The tradeoff vs. the current sentence-level NLI approach: Prometheus is slower (7B vs
purpose-built cross-encoder) but produces a human-readable rationale alongside the score,
which is more interpretable for audit and debugging.

**Why not used here:** the cross-encoder NLI approach runs faster and requires no prompt
engineering. Prometheus would be the right choice if rationale logging is a compliance requirement.

---

## What another 4 hours would add

- **`eval/metrics.py` β€” L2 LLM metrics**: contextual precision (chunk ranking),
  contextual recall (coverage), and answer correctness against full reference answers.
  Currently only keyphrase coverage is used as a proxy.
- **Async client**: `httpx.AsyncClient` variant for high-concurrency load testing.
- **Property-based tests**: `hypothesis` to fuzz `check_terminology` and graders
  with generated strings β€” catches edge cases the golden dataset doesn't cover.
- **CI pipeline**: GitHub Actions running `make lint`, `make type-check`,
  `make test` on every PR. Integration tests gated on a self-hosted runner with
  the API running.
- **Threshold calibration report**: `eval/calibrate.py` exists and runs graders
  against golden-dataset expected answers β€” threshold calibration is now a single
  command, not a missing feature. Actual threshold adjustments require reviewing
  the output against real query distributions.

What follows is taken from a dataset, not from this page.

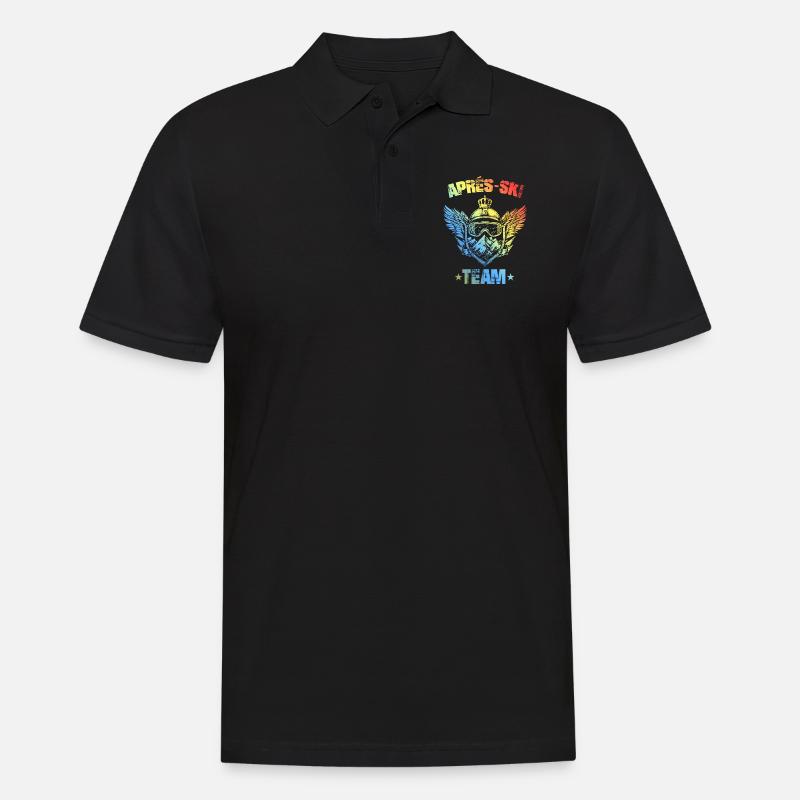 Équipe d’après-ski Bunt - Polo Homme - noir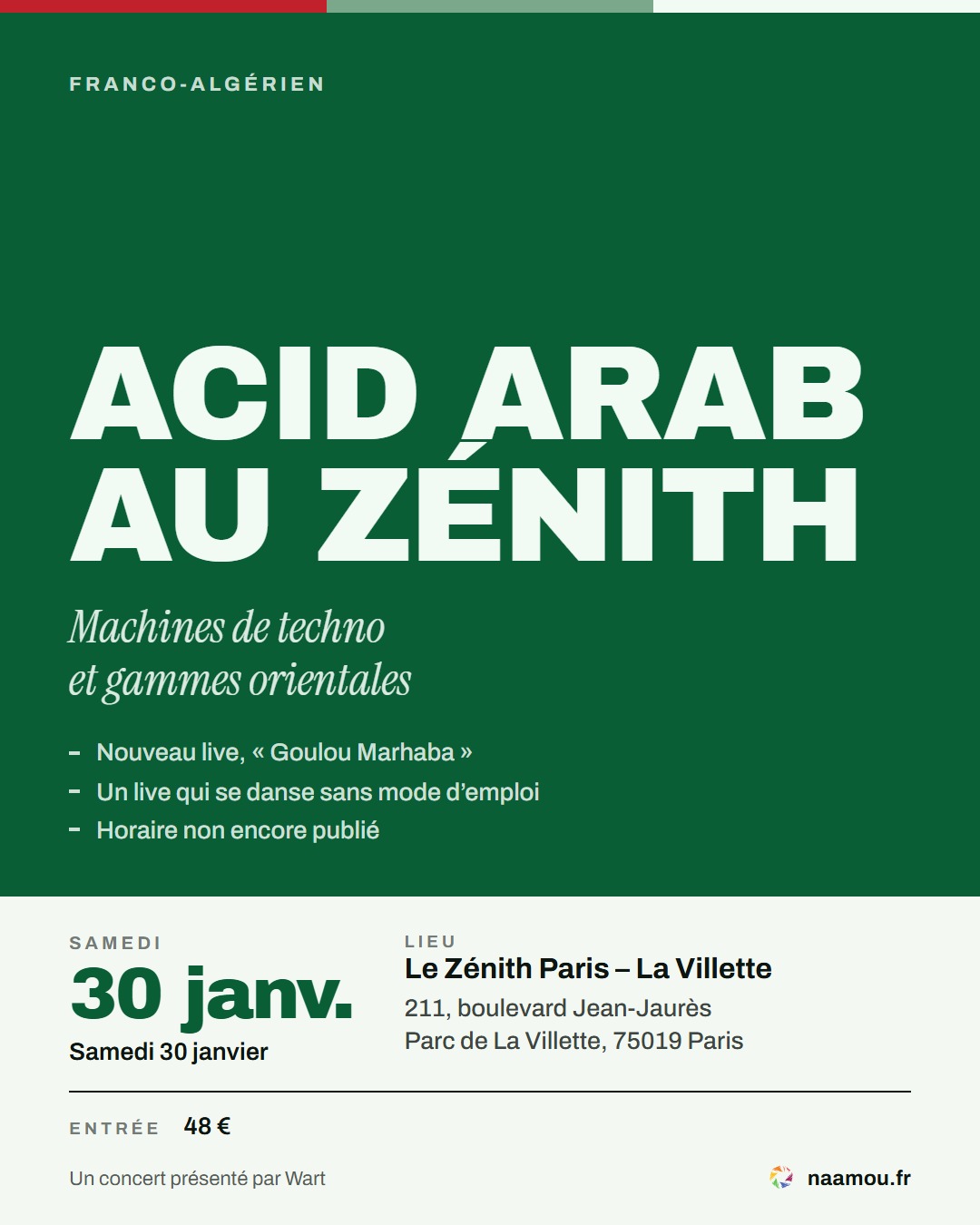 Acid Arab au Zénith de Paris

## Gate 5 audit gaps addressed

- **Faithfulness false negatives on refusals**: `_is_refusal()` detects "I don't have
  enough information" responses and returns score=1.0 β€” no factual claims, trivially faithful.
- **Partial grounding blind spot**: faithfulness now uses claim-level decomposition
  (`grade_faithfulness_decomposed`). Response split into sentences; each verified
  independently. Score = supported_claims / total_claims. A response with one hallucinated
  sentence in three now scores 0.667, not 1.0.
- **No escalation path**: `overall_pass=False` now emits a structured `EVAL_FAIL` WARNING
  log entry and sets `flagged: true` in the response payload. UI shows a red banner.
- **Cold-start latency**: embedder and NLI model pre-warmed at startup in the FastAPI lifespan.
- **Happy-path-only golden dataset**: 4 adversarial pairs added (vague query, rival-term
  prompt injection, multi-doc synthesis, hallucination bait).
- **No drift detection**: added `eval/drift.py` β€” KS two-sample test per metric, compares
  live telemetry scores against golden-dataset baseline. Detects faithfulness degradation
  at p < 0.05 with ~40% traffic degradation across 40+ events.

---

## Where LLM assistance helped and where it misled

**Helped:**
- Scaffolding the full project structure (backend, client, tests, config) in a
  single session without losing consistency across files.
- Writing the faithfulness prompt in a way that reliably returns structured JSON β€”
  the few-shot JSON format in the prompt was a suggested pattern that works.
- Catching that `except Exception` in the faithfulness grader was too broad and
  replacing it with `(json.JSONDecodeError, anthropic.APIError)`.
- Identifying that `_build_index_by_domain` was defined twice in pipeline.py
  (duplicate introduced during an edit session) β€” caught during code review.

**Misled or required correction:**
- Initially used `lru_cache` on a function that takes a `SentenceTransformer`
  instance as an argument β€” unhashable, so the cache silently failed. Required
  switching to a module-level dict cache.
- Generated a dead loop in `rosetta.py` (iterating over terms with `continue`
  but no code after the continue branch) that did nothing. The logic existed in
  a comment describing intent but was never implemented. Caught in review.
- Suggested a fictional client name that conflicted with a real company.
  Required renaming before the repo went public.